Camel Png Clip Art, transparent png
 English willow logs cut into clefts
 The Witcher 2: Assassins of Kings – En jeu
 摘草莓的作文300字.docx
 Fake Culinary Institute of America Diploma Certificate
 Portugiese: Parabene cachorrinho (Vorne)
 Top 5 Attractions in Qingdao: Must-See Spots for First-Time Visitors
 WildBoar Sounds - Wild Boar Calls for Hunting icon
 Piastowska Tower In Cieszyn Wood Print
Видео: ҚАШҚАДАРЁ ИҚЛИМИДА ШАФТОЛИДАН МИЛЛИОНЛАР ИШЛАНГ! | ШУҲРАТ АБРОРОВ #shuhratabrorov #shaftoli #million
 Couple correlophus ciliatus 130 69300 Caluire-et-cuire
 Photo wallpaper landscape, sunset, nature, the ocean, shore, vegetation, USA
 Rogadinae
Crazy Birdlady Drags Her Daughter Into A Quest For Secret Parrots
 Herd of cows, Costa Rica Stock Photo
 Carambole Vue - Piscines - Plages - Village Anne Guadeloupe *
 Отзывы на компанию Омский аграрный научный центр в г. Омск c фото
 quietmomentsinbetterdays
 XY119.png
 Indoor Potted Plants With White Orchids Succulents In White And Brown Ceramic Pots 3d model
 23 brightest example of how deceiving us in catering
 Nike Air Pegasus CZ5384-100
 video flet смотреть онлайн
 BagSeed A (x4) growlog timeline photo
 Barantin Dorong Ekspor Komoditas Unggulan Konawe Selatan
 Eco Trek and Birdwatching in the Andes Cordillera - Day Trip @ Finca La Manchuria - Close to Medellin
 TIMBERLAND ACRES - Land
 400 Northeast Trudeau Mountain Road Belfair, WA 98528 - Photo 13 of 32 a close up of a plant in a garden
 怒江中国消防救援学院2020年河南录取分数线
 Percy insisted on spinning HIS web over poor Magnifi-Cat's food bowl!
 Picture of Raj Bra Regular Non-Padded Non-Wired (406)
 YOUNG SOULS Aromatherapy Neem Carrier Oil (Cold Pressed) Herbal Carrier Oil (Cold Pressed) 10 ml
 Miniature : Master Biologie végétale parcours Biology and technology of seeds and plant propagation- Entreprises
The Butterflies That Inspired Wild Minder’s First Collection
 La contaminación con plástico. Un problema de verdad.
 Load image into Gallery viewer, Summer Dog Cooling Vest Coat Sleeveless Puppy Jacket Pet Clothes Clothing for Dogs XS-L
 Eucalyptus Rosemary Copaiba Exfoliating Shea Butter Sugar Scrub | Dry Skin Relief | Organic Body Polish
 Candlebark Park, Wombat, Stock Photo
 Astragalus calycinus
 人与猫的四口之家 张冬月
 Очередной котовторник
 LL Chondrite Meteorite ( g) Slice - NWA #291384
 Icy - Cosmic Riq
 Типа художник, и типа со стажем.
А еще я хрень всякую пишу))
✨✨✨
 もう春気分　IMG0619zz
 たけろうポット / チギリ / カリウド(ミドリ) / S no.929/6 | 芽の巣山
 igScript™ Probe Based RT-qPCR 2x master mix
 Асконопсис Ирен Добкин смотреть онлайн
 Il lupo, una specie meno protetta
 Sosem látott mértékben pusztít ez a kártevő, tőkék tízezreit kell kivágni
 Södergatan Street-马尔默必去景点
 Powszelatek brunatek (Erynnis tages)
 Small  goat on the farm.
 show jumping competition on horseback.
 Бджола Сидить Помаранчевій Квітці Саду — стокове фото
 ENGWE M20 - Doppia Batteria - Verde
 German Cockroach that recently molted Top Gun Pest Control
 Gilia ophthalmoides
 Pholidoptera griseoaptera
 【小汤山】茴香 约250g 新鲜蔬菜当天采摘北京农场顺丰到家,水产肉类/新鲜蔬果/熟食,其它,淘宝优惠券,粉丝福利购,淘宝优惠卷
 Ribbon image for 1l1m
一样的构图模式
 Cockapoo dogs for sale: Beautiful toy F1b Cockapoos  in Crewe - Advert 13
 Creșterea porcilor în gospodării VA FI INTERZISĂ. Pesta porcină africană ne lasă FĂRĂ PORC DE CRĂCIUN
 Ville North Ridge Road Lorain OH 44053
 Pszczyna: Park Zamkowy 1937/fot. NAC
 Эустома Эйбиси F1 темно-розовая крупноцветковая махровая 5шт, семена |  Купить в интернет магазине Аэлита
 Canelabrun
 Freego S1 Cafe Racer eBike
:::::
■ Task instructions:
Whenever the word "Wild" shows up in a line of the entries, list that line.

■ Exercise answer:
 WildBoar Sounds - Wild Boar Calls for Hunting icon
The Butterflies That Inspired Wild Minder’s First Collection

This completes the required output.